On 7/28/22 18:49, Djamil Lakhdar-Hamina wrote:
I am helping set up a 16 node cluster computing system, I am not a
system-admin but I work for a small firm and unfortunately have to pick
up needed skills fast in things I have little experience in. I am
running Rocky Linux 8 on Intel Xeon Knights Landings nodes donated by
the TAAC center. We are operating in Uganda where we have limited
resources and where power is quite expensive.
What are some good ways to implement power-saving ? I have already tried
power saving as per slurms power saving guide but 1) I am not quite sure
what it does and 2) in implementing a version on my virtual dev
environment I was able to get the power saving to stand down nodes, but
I was not able to get the power saving mechanism to spin them back up
when needed. I put power saving in the slurm.cfg file, and I also
specified a SuspendProgram and a ResumeProgram similar to the one in the
https://slurm.schedmd.com/power_save.html
<https://slurm.schedmd.com/power_save.html>.

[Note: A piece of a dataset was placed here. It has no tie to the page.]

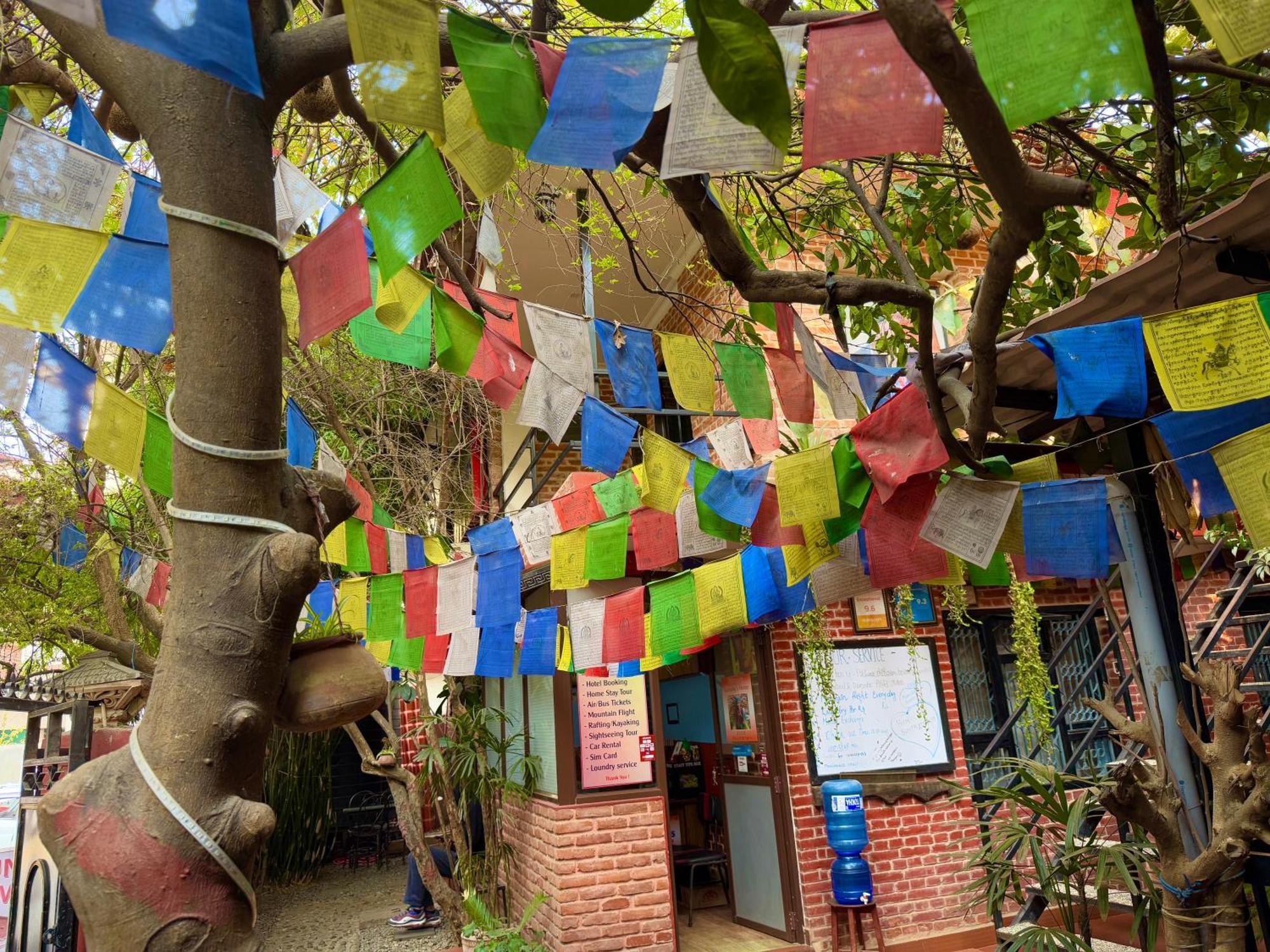 Gurung'S Home Катманду Екстер'єр фото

You might also look at Varorium:
https://variorum.readthedocs.io/en/latest/api/cap_functions.html
https://github.com/LLNL/variorum
So 1) how do I get this power saving mechanism to work, what exactly
will it do, I see it stands nodes down, will it spin them back up on
request of those resources? 2) Are there any better techniques for power
saving, say using IPMItool or something?
Sincerely,
Djamil Lakhdar-Hamina